As the data ecosystem within enterprises grow larger and larger, not only do we see an increase in total data volumes but also an increase in the disparate storage systems in which they are housed. The challenge then becomes how do different applications and teams have an efficient way of being able to access data across these various sub systems without having to spend a nontrivial amount of time on building data access workflows.

Data Orchestration with Alluxio

Over time as the data ecosystem matures, we see one trend that is commonly repeated. When developers and teams cannot get reliable performance and access they often resort to creating a new computation framework, a new storage system, and ultimately an entirely new stack. While this may serve as a temporary solution over time it only stands to magnify the issue at hand.

Alluxio realizes that to solve this problem there becomes a need to have a new layer, that of a data orchestration layer. A data orchestration platform that sits in between compute and storage. The need for this layer becomes more evident when we realize that we need to ensure a way for our environment to run agnostic of compute, storage, or cloud.

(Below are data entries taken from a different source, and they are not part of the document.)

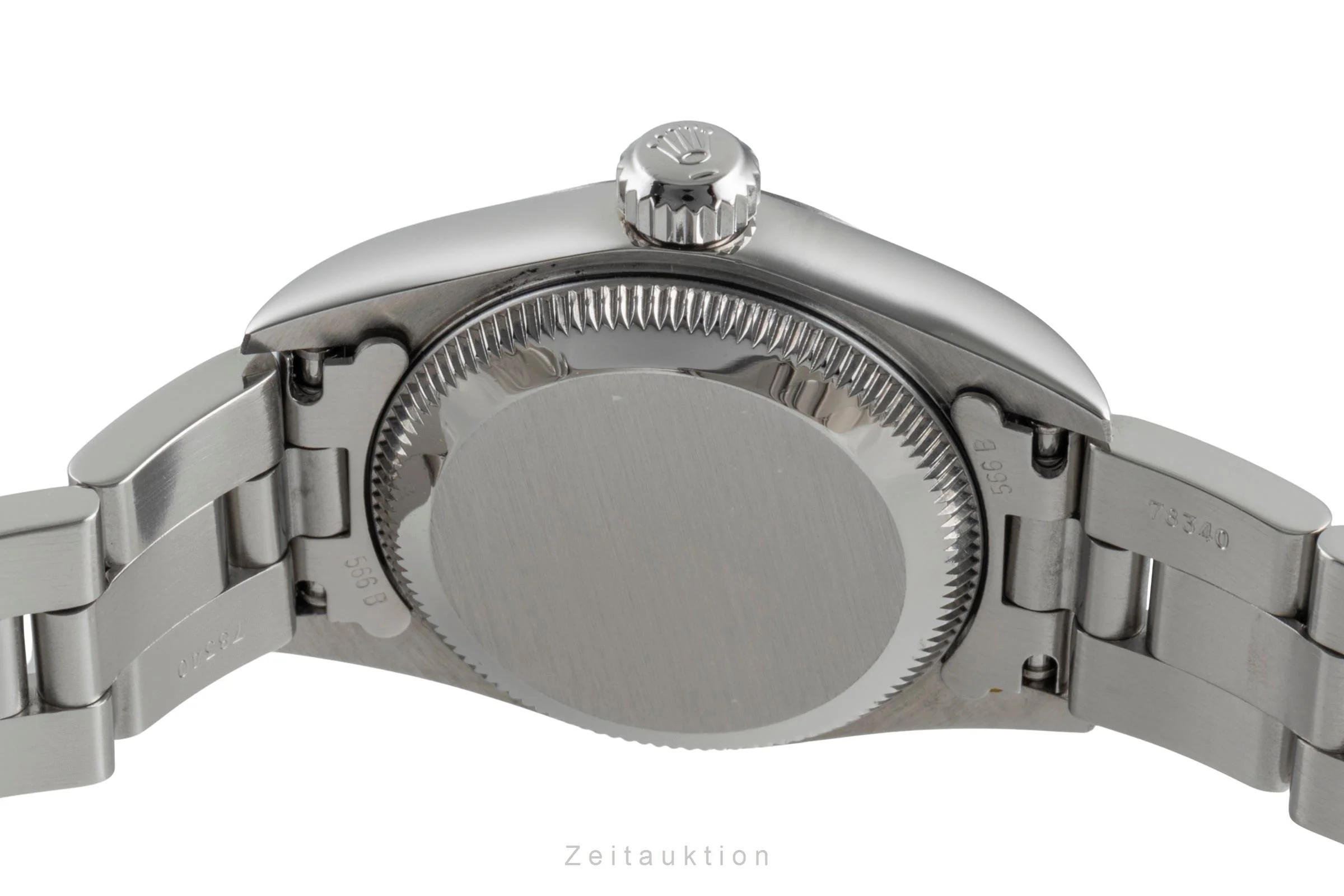 Rolex Oyster Perpetual steel automatic women's watch 67180  [2506154] - Image 12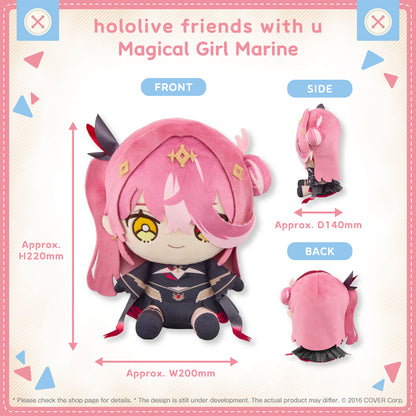 Hololive Friends with u Magical Girl holoWitches!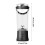 Practical Plastic Juicer Machine with Detachable Parts-green 5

Through an easy to use and feature rich set of commands the Alluxio command line is also extremely comfortable to navigate for any developers that have used a posix environment previously.

alluxio@ip-172-31-38-93 alluxio]$ ./bin/alluxio fs ls /

drwxr-xr-x alluxio        alluxio  24 PERSISTED 05-28-2019 12:33:47:944  DIR /default_tests_files

drwxr-xr-x alluxio        alluxio   3 NOT_PERSISTED 05-28-2019 17:49:30:084  DIR /hdfs

drwxr-xr-x alluxio        alluxio   4 NOT_PERSISTED 05-28-2019 17:49:33:295  DIR /s3

drwxrwxrwx alluxio        alluxio   2 PERSISTED 05-28-2019 16:40:52:914  DIR /testdfsio

In the above we can see that through an ‘ls’ command we are now able to also see multiple different storage directories that we can access through Alluxio. These storages are effectively ‘mounted’ into the Alluxio namespace using an Alluxio fs mount command.

This idea of virtualization allows developers and applications teams to no longer need to worry about which compute or storage they are using. As long as Alluxio is able to speak an interface compatible with either the compute framework or storage then it can integrate seamlessly into any environment.